Hasil tes diumumkan pada pertengahan Juli 2002, dari 761 peserta tes yang diterima hanya 396. Kepala Sekolah memanggil semua panitia ke ruangannya. Pak Budi deg-degan, sport jantung! Ia sudah berencana bila anaknya tidak lulus akan disekolahkan di SLTP swasta. Pak Budi meminta ijin kepada atasannya untuk meminjam telefon untuk menanyakan nomor tes anaknya, karena sama sekali ia tidak tahu. Kepala Sekolah menyerahkan daftar hasil tes kepada Pak Budi. Tangannya gemetar, jantungnya berdegup keras, adrenalin terpompa dengan derasnya ke jantungnya. Baris demi baris, tangan Pak Budi mencari nama dan nomor tes anaknya. Baris kesatu tidak ada, kedua tidak ada, ketiga, ..keduapuluh sembilan tidak ada. Dan "plong"! Hati Pak Budi lega, ia berteriak dan dengan gemetar mengucap Alhamdulillah! Anaknya masuk dan diterima dan berada pada urutan ketiga puluh. Ia terus mengucap syukur, namun ia tidak ingin memberi tahukan anaknya dahulu. Biarkan anaknya merasakan seperti yang ia rasakan. Ia ingin anaknya tegang dan sport jantung pada waktu menerima hasil tes dari guru SD keesokan harinya. Bahkan isterinya pun tidak ia beri tahu, sampai jam satu malam isterinya mendesak. Tapi ia tak bergemin, kita lihat saja besok, jawabnya pendek.

Dari 401 peserta tes yang diterima di SLPTN itu, terdapat 5 orang yang bernilai kembar siam, sama. Tadinya diambil kebijaksanaan bahwa yang akan dipilih adalah peserta yang mempunyai nilai PPKN tertinggi, bila masih sama nilai Agama tertinggi dan seterusnya. Namun ada pendapat bahwa hal itu akan memancing protes dan kecurigaan dari pihak orang tua peserta tes. Akhirnya diputuskan bahwa peserta yang seharusnya 396 orang yang diterima adalah 391 orang. Sedangkan untuk 5 kursi dibiarkan kosong. Pak Budi, ringan melenggang karena berpikir telah berusaha semaksimal mungkin untuk objektif dan mencegah kecurangan. Kalaupun kecurangan masih terjadi, itu bukan kesalahannya dan di luar kekuasaannya?

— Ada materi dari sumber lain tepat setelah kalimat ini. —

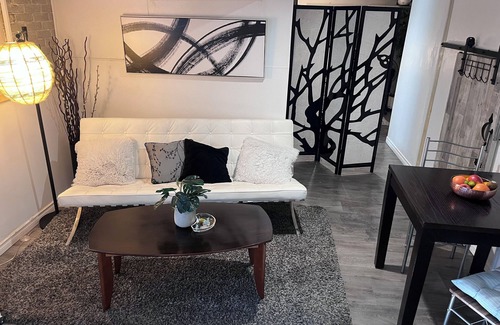 Regional District of Nanaimo House | Hot tub | central | Clean | Quiet | private suite| 3 Queen Beds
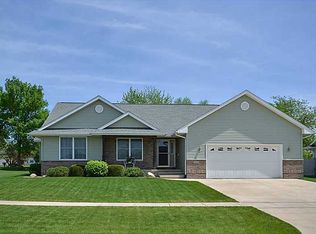 306 Willow St, Alburnett, IA 52202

Memasuki minggu pertama proses belajar mengajar tahun ajaran baru 2009/2010 berlangsung, Pak Budi mulai mendapat berita tidak enak. Bahwa ada peserta yang seharusnya tidak lulus tes, lagi-lagi ada di kelas! Astagfirullah, siapa pelakunya yang telah menghianati 671 orang peserta tes? Karena ingin menemukan kebenaran yang sesungguhnya, ia memanggil siswa yang memang tidak lulus tes tersebut. Ia sadar anak itu tidak bersalah, yang bersalah adalah orang tua dan oknum guru yang memaksa memasukannya. Dan terbongkarlah skandal itu! Ternyata siswa yang masuk melalui jalan belakang tidak satu orang, ada empat orang lain yang masuk dengan jalur ghoib.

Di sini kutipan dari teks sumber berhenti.